This morning I received an unexpected gift.
It’s from one of my life-long friends, Amy.
Amy (or Amelina, to me) and I will always have a special connection – not only have we known each other since kindergarten, but we were also hit by a car together in second grade. There is nothing like bonding over broken bones and body casts.
The accident happened back in the 70’s, when parents didn’t hover and kids had a little more time to explore different options. We explored the option, “Does it really make sense to cross at the light ALL the way at the end of the street when your house is actually in the middle of the block in the opposite direction?” The answer: Yes, yes it does. (And my kids and their friends get a daily street safety lecture from me, even though we’re the last house on a dead end street!)
That impulsive decision greatly impacted our young lives and we both wear the scars of the accident to this day. She has a permanent bump on her forehead and I still have the indentation in my leg, which has actually lessened with age and weight loss and gains (who says there aren’t benefits to cellulite!).
While Amy and I can joke about it now, it really was no laughing matter.
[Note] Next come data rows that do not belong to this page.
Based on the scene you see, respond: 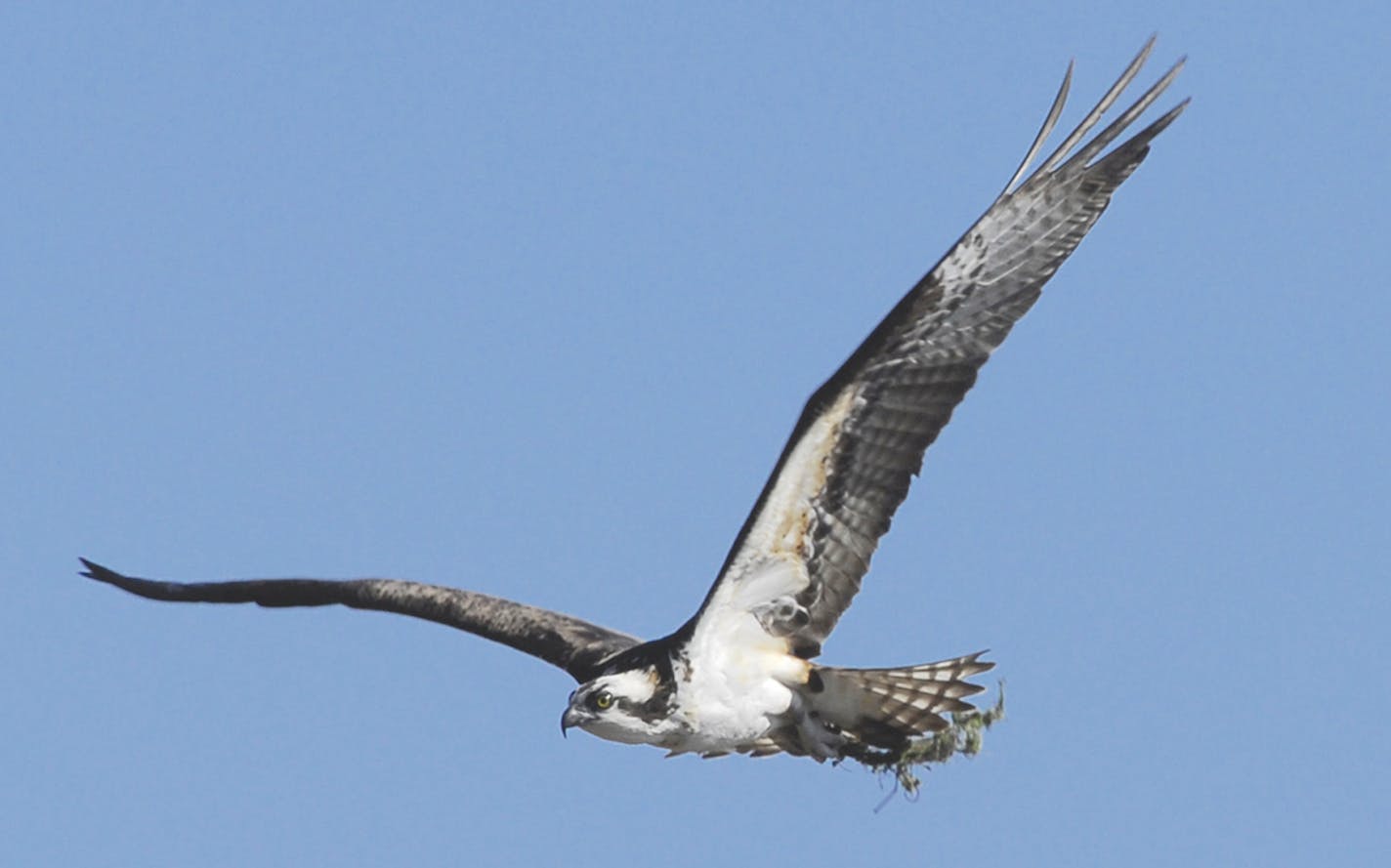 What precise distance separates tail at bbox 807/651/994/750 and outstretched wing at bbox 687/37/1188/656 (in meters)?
0.38

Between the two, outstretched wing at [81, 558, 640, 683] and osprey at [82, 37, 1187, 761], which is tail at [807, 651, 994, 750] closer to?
osprey at [82, 37, 1187, 761]

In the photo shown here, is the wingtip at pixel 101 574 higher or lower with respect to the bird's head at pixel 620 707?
higher

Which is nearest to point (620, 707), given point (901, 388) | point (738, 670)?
point (738, 670)

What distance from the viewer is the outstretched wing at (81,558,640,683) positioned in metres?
13.6

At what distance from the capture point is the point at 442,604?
1443 centimetres

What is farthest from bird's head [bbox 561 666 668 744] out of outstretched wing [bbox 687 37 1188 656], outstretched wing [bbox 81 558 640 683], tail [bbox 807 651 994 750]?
tail [bbox 807 651 994 750]

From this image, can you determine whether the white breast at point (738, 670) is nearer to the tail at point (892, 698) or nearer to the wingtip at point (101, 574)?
the tail at point (892, 698)

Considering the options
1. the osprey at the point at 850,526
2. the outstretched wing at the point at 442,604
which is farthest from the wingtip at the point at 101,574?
the osprey at the point at 850,526

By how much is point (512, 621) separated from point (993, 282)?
3.92 m

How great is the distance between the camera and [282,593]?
50.2 feet

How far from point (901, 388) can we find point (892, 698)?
1.70m

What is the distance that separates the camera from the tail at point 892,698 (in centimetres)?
1217

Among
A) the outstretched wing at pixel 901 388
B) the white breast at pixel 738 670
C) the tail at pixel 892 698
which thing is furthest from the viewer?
the tail at pixel 892 698

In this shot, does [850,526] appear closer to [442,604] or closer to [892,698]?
[892,698]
Amy still remembers the whole terrible incident; I was knocked unconscious. I have always believed I was the lucky one for that.
When I was hit, I flew up into the air and then slid under a parked car. Neighborhood legend has it that a bunch of neighbors came out and literally lifted the car up, so that the paramedics could get me out. I have no recollection of it and my parents told me that when I woke up in the hospital, the first words out of my mouth were, “I’m bored.” I only remember being upset when I learned that they had to cut off my brand new jeans from Winsbergs to get to my leg and that I wouldn’t be wearing any jeans until I was out of traction and the cast – about three months.
After about six weeks in the hospital, I returned home. I had a full body cast and a sweet bedroom in the dining room, complete with t.v.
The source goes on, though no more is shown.